Work to be completed>
When you reach the line containing "Taraclia, Moldova - 23.", please repeat it and every line after it exactly, through the end of the listing below, skipping pictures.

□ □ □ □ □ □ □

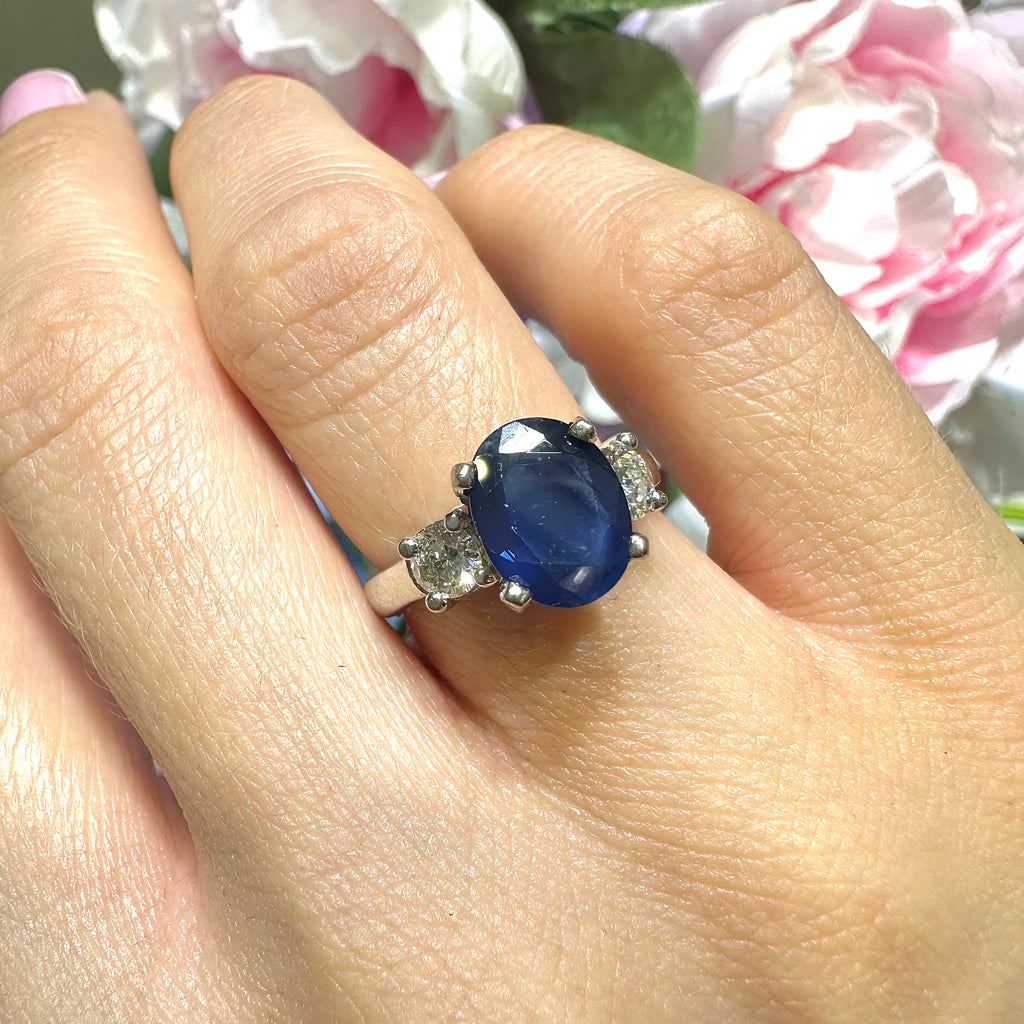 14K White Gold Sapphire & Diamond Three-Stone Ring – 3.50ct Sapphire, 0.60ct Diamonds SDR018 STJ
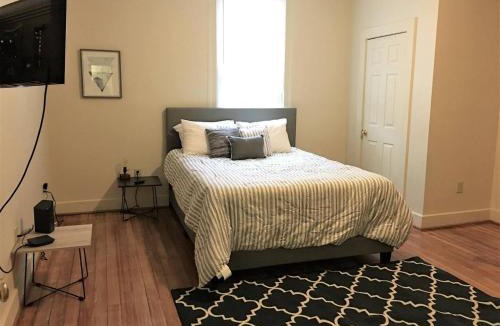 Waynesboro Apartment | Urban Oasis In Downtown Waynesboro Near Parkway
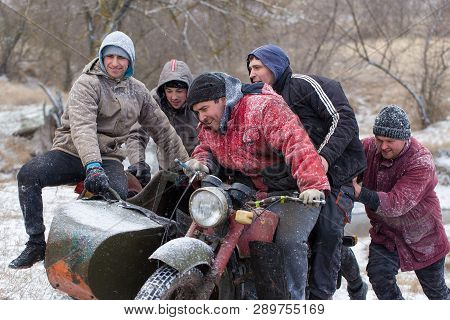 Taraclia, Moldova - 23. 02. 2019: A Team On A Soviet Retro Motorcycle With A Sidecar In The Mud And 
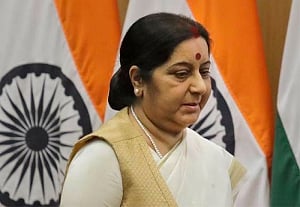 Amarinder speaks to Sushma on 39 Indian hostages in Mosul
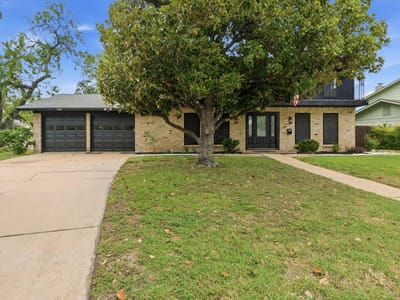 Property photo 2 at 5907 Thames DR - 4 bed 2 bath home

□ □ □ □ □ □ □

Answer below>
 Taraclia, Moldova - 23. 02. 2019: A Team On A Soviet Retro Motorcycle With A Sidecar In The Mud And 
 Amarinder speaks to Sushma on 39 Indian hostages in Mosul
 Property photo 2 at 5907 Thames DR - 4 bed 2 bath home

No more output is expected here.